Numeric argument defining the maximum time difference in seconds to search for parent samples. The default time window is 600 seconds or 10 minutes. The time_difference can be as large as the user would like, but parent-replicate pairs will only be identified if they were collected on the same date.

Value

This function adds one column to the original data frame: 'TADA.ReplicateSampleID'. 'TADA.ReplicateSampleID' contains the 'ResultIdentifier' value from the replicate sample if a parent sample match is identified. Both the replicate sample and the parent sample will have the same 'ResultIdentifier' code in this column, marking them as a pair. If a sample was identified as a replicate sample in the 'TADA.ActivityType.Flag' column but does not have an associated parent sample in the data frame, the 'TADA.ReplicateSampleID' column will contain the flag 'Orphan'. If more than one parent or replicate sample is identified in the data frame, the 'TADA.ReplicateSampleID' column for all samples will contain the 'ResultIdentifier' value from one of the replicate samples marking them as a grouping.

Examples

# Load example dataset:
data(Data_NCTCShepherdstown_HUC12)

# Run TADA_FindQCActivities to add TADA.ActivityType.Flag column:
df <- TADA_FindQCActivities(Data_NCTCShepherdstown_HUC12)

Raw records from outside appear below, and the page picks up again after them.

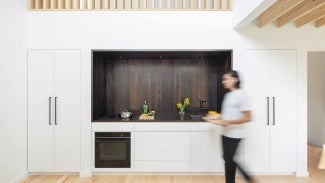 Bovina Cabin kitchen in New York's Hudson Valley.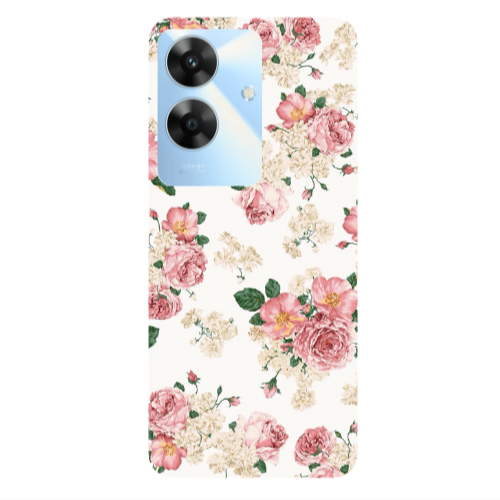 Realme Note 60 Pink Flowers 2 Transparent Silicone TPU Θήκη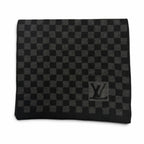 Louis Vuitton Echarpe Petit Damier Wool 100% Scarf Black Gray
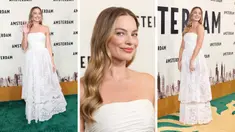 Margot Robbie Tampil Cantik di New York, Memukau dalam Balutan Gaun Renda Tipis (AFP Photo)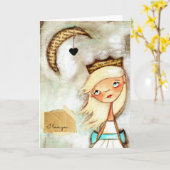 Lune et dos - Carte de voeux (Fleur jaune)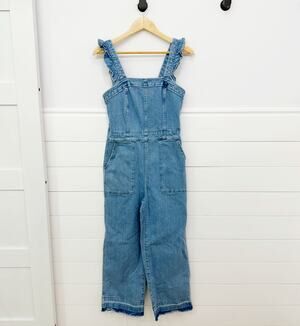 Women’s Madewell Ruffle Strap Denim Jumpsuit In Levita Wash Size 4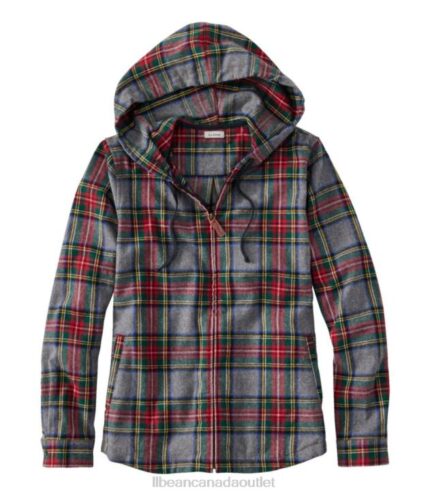 Clothing Gray Stewart Tartan H8XZ6881 Scotch Plaid Flannel Shirt Women L.L.Bean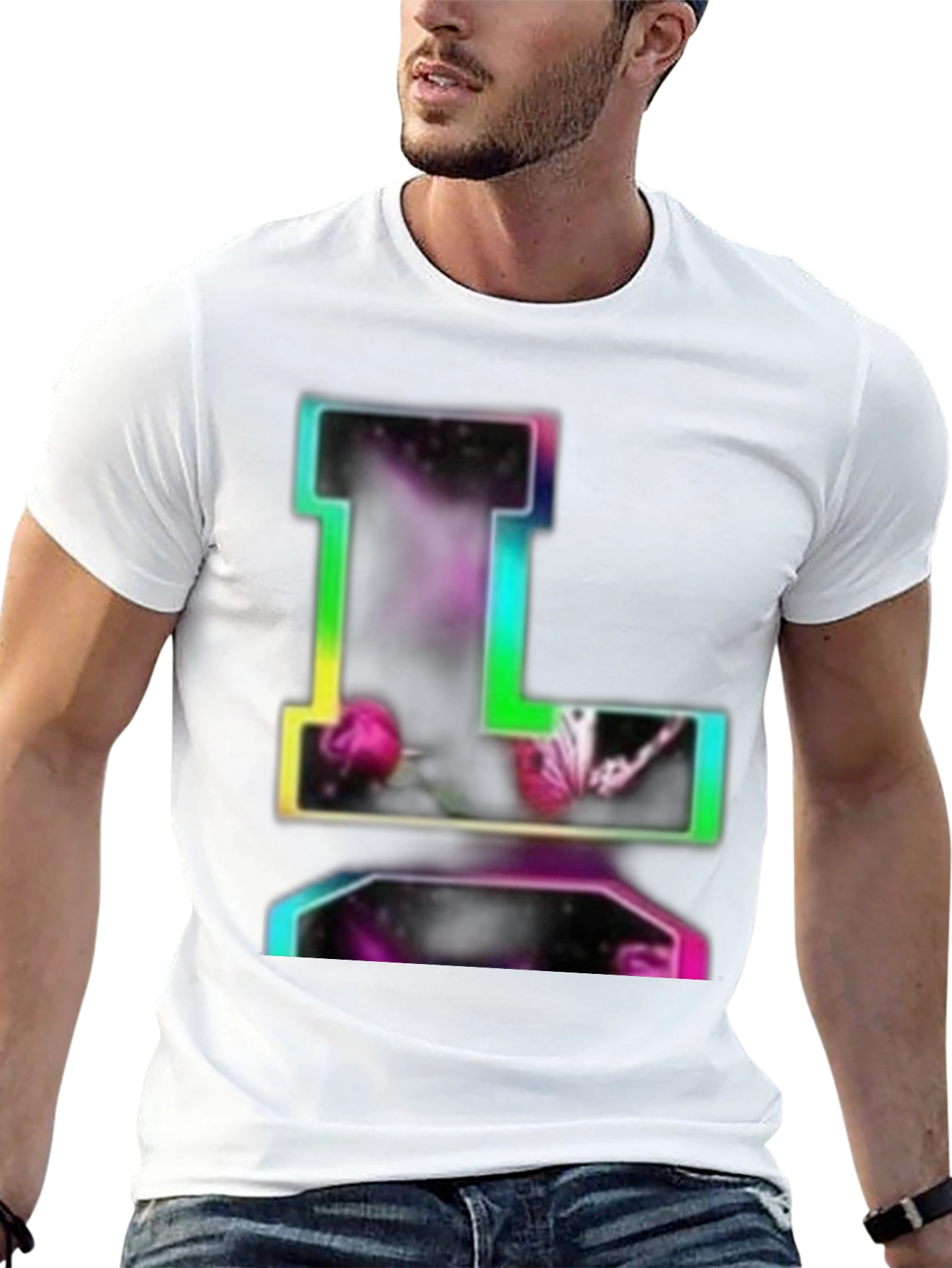 Rainbow Letter L Graphic T-Shirt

# Find pairs for all data flagged as "QC_replicate" in the TADA.ActivityType.Flag column:
df_all_pairs <- TADA_PairReplicates(df)

# Find pairs for only data with ActivityTypeCode "Quality Control Sample-Field Replicate":
df_fieldrep_pairs <- TADA_PairReplicates(df, type = "Quality Control Sample-Field Replicate")

# Find pairs for all data flagged as "QC_replicate" within a 5-minute time window:
df_all_pairs_5min <- TADA_PairReplicates(df, time_difference = 300)